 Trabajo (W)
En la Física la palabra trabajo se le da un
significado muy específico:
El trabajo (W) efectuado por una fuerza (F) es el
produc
==
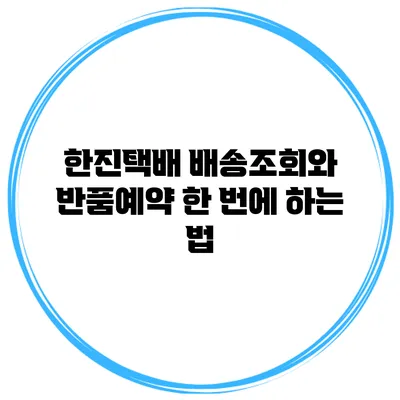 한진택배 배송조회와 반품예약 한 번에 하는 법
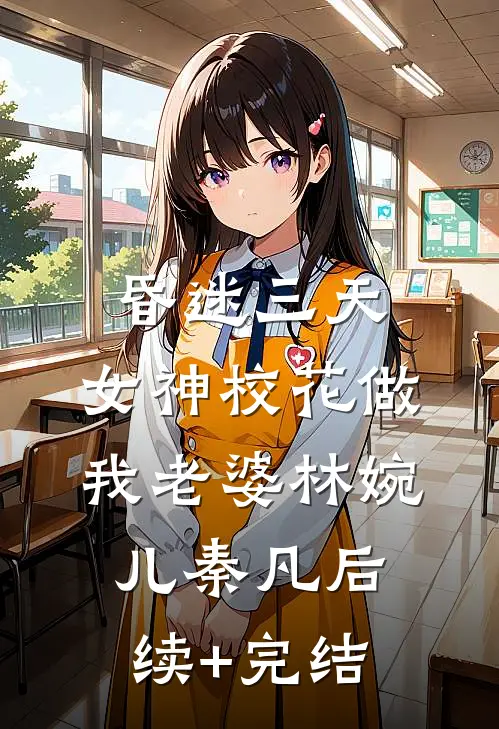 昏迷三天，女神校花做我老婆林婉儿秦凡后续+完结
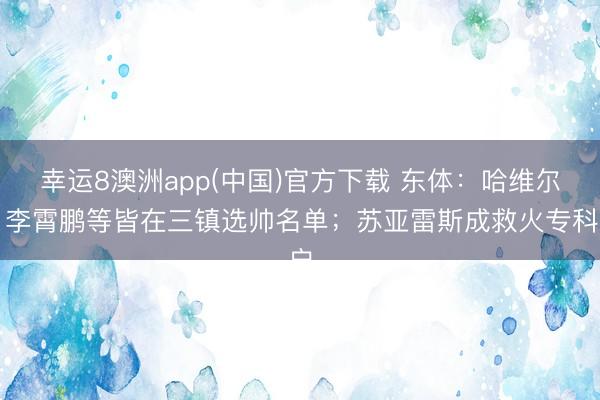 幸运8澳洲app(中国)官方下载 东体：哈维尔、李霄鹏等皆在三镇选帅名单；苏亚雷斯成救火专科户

• [TASK ITEM] Above are some records; extract exactly the lines from the one containing "한진택배 배송조회와 반품예약 한 번에 하는 법" through the one containing "幸运8澳洲app(中国)官方" and drop the pictures.

• [EXERCISE SOLUTION]
 한진택배 배송조회와 반품예약 한 번에 하는 법
 昏迷三天，女神校花做我老婆林婉儿秦凡后续+完结
 幸运8澳洲app(中国)官方下载 东体：哈维尔、李霄鹏等皆在三镇选帅名单；苏亚雷斯成救火专科户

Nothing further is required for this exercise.